Detective Mystery Stories

Tuesday, July 29, 2014

Steve Payne Interview Part One

I’ve known Steve Payne for a couple decades now. Steve contacted us when we started publishing Classic Pulp Fiction Stories, and said he wanted to write pulp fiction. I don’t remember if I suggested Secret Agent X, or if Steve suggested the character, but in the May 1996 issue of CPFS we began the six-part serial of The Freezing Fiends, the first Secret Agent X novel since March 1939. Steve wasn’t finished; he had become a fan of pulp author G.T. Fleming Roberts, and made the Secret Agent X character his own. In the February 1997 issue of Double Danger Tales, Steve’s second novel, Master of Madness appeared in a three-part serial. The third novel, Halo of Horror was published as a three-part serial beginning with the October 1998 issue of DDT. With the end of the FADING SHADOWS genre magazines, Steve took a break from writing to concentrate more on his profession, but has been working on numerous plots for the character. Meanwhile, “Master of Madness” and “Halo of Horror” were both reprinted by Matt Moring of Altus Press, and 14 years after “Halo of Horror”, Altus Press is releasing Steve’s fourth Secret Agent X tale. “The Resurrection Ring” is a titanic novel of 170,000 words, the longest Secret Agent X novel ever written. I thought it was about time we introduce this amazing writer to everyone.

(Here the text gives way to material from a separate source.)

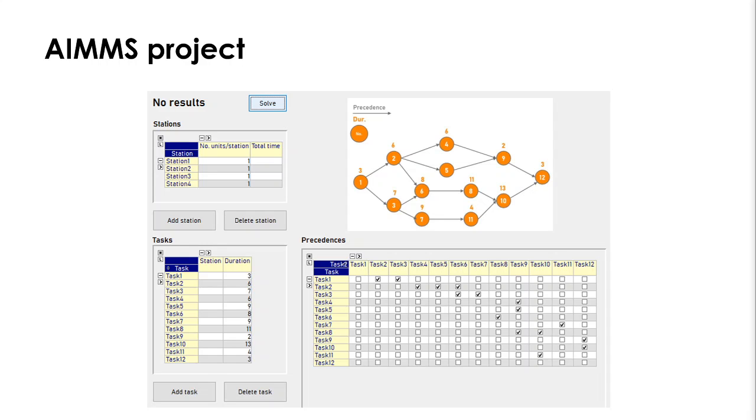I am going to present you an AIMMS project that we will use to analyze the situation, to solve the problem and to evaluate whether it's interesting or not, introducing some changes. And this is how the user interface looks like.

Tom: Steve, how about telling everyone a little about yourself; your background, history, where you’re from, that sort of thing. Although you have been in the pulp community since the mid ‘90s, there may be some out there who do not know you.

Steve:  I was born in Shreveport, Louisiana, in 1963.  However, I grew up at opposite ends of the Pelican State, both down in Baton Rouge, and here in Ruston, in the heart of north Louisiana’s Pine Hills.  For college I earned a Bachelor of Arts in British History at Louisiana Tech.  That B.A. in hand, I attended Harvard Divinity School, where I had hoped to earn a Master of Theological Studies in Church History.  Soon after I had completed one year of the program, however, my dad suffered amputation of both legs.  So I elected to stay in Ruston, and work as a substitute teacher.  This period confirmed my love for teaching and inspired my enrollment at Tech.  In short order I had earned a Master of Arts in English, with specialties in 18th Century British Literature and 20th Century American Literature.  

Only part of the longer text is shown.